For AIX 7.2 TL01 SP1 and VIOS 2.2.5 releases
The default value of the num_io_queues attribute is set to 8 and to have sufficient DMA resources, the default value of the io_dma attribute is increased to 256, starting with AIX 7.2 TL01 SP1 and VIOS 2.2.5 releases.
# lsattr -El fcs0 | grep -e num_io_queues -e io_dma
io_dma 256 IO_DMA True
num_io_queues 8 Desired number of IO queues True
|
For AIX 7.1 TL04 SP3, AIX 6.1 TL09 SP8 and VIOS 2.2.4.30 releases
The default value of the num_io_queues attribute is set to 1 and io_dma is set to 64 for the AIX 7.1 TL04 SP3, AIX 6.1 TL09 SP8 and VIOS 2.2.4.30 releases.
# lsattr -El fcs0 | grep -e num_io_queues -e io_dma
io_dma 64 IO_DMA True
num_io_queues 1 Desired number of IO queues True
|
As mentioned earlier in this article, there should be sufficient DMA resources to enable support for multiple I/O queues. Therefore, the value of the io_dma attribute should be increased from 64 to 256. In case the user changes only the num_io_queues' value without increasing the io_dma value to 256, the adapter instance will be configured with a single SCSI I/O queue and the following informational error will be logged with the AIX error log.
# errpt | grep fcs0
29FA8C20 0629173616 I O fcs0 Additional FC Adapter Information
Steps for tuning the num_io_queues attributes using the chdev command:
You need to perform the following steps to tune the num_io_queues attributes using the chdev command for 16 Gb FC HBAs:
1. Unconfigure the device instance.
#rmdev -Rl fcs0
2. Change the attribute to the required value (say 16).
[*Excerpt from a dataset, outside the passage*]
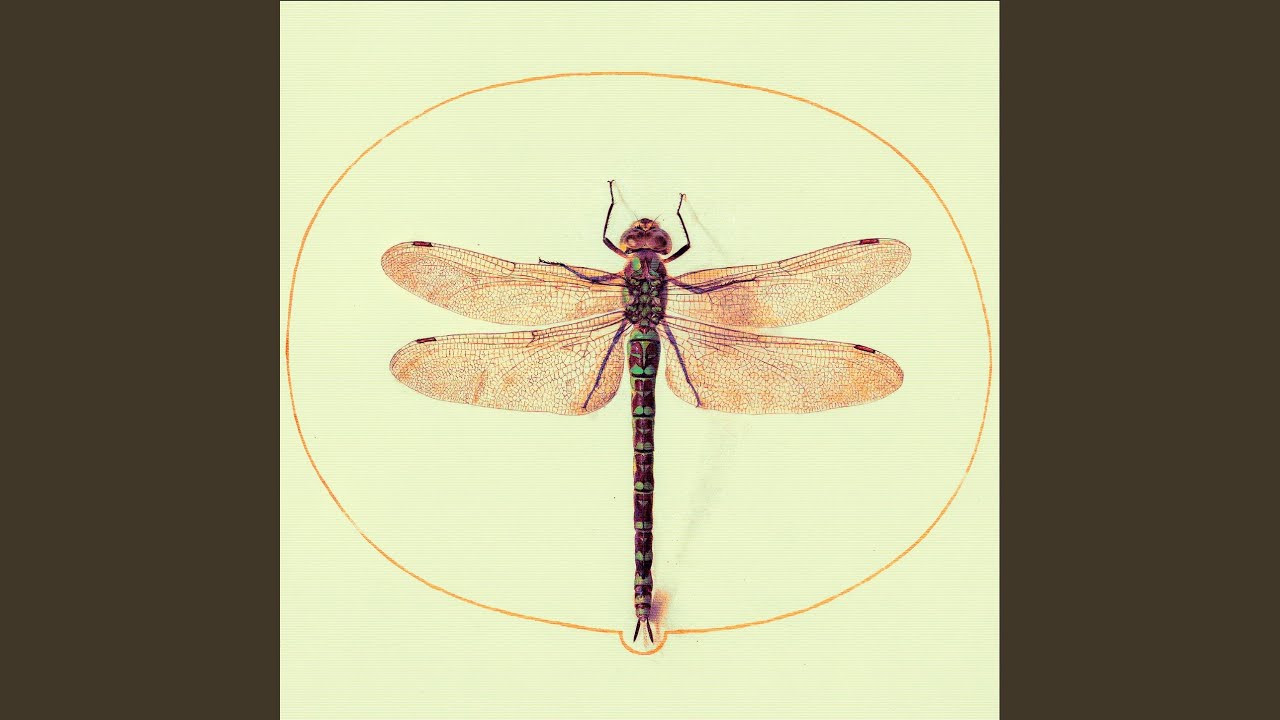 Watch august Light.. on YouTube Watch august Light.. on YouTube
# chdev -l fcs0 -a num_io_queues=16
fcs0 changed
3. Configure the device instance.
# cfgmgr -l fcs0
4. Verify if the attribute is set to the required value.
# lsdev | grep fcs0
fcs0 Available 00-00 PCIe2 2-Port 16Gb FC Adapter (df1000e21410f103)
# lsattr -El fcs0 | grep num_io_queues
num_io_queues 16 Desired number of IO queues True
Performance results – random read operations with a block size of 4 KB
The following results are for AIX native [that is, physical HBAs owned by the logical partition (LPAR)] case. I/O requests are running in parallel on the
FlashSystem 900 storage targets using the default shortest_queue algorithm on the hdisk devices.
Figure 2: AIX (native) results for 16 Gb FC HBA
Figure 3: AIX (native) results for 10 Gb FCoE HBA
The following results are for the NPIV (that is, VIOS owning physical HBAs and num_io_queues tuned on VIOS) case. I/O requests are running in parallel on all the I/O paths for a given disk on each NPIV client using the default shortest_queue algorithm on the Flash System 900 storage disks.
Conclusion
In native configuration, the number of IOPS for random read operations with a block size of 4KB, for a single FC HBA port case increased by approximately 2.5 times with the improved FC stack, which is a significant improvement. The achieved IOPS count of 390,000 is very close to the line speed for a single FC HBA port.
The IOPS gain for random read operations with a block size of 4 KB in the NPIV configuration is almost equivalent to that of the native configuration when the number of clients is six or more.